**Directions for this task:**
Return each of the entries below precisely, with no pictures in the result.

**Caption-style text data:**
※ ※ ※

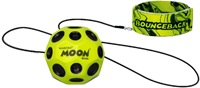 Waboba Ball Bounce Back!-3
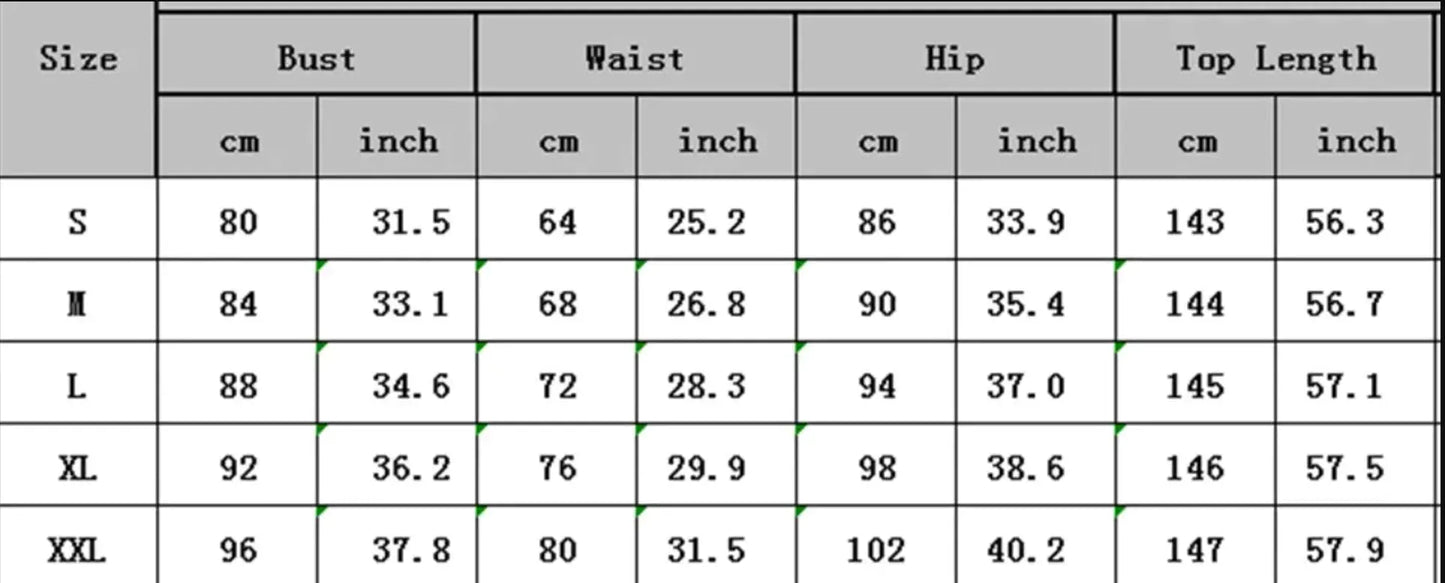 Deep V-Neck Camisole Maxi Dress - PROVYLO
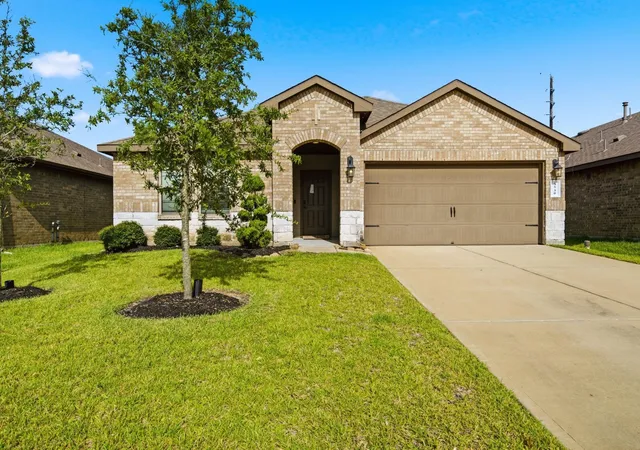 Photo 3 of Single family home for sale at 3530 Sicily Is Ln, Katy, TX 77494 | MLS# 58098255 | Listing updated on 2026-09-06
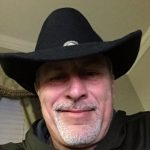 Profile photo of Bo S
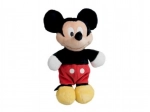 Pluchen figuur MICKEY 36 cm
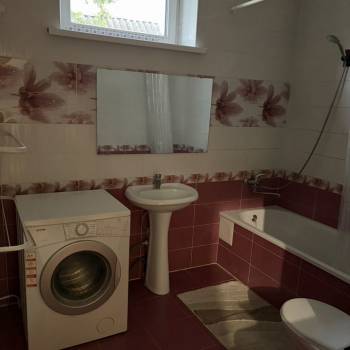Сдается Дом, 78 м²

※ ※ ※

**Solution to this exercise:**
 Waboba Ball Bounce Back!-3
 Deep V-Neck Camisole Maxi Dress - PROVYLO
 Photo 3 of Single family home for sale at 3530 Sicily Is Ln, Katy, TX 77494 | MLS# 58098255 | Listing updated on 2026-09-06
 Profile photo of Bo S
 Pluchen figuur MICKEY 36 cm
Сдается Дом, 78 м²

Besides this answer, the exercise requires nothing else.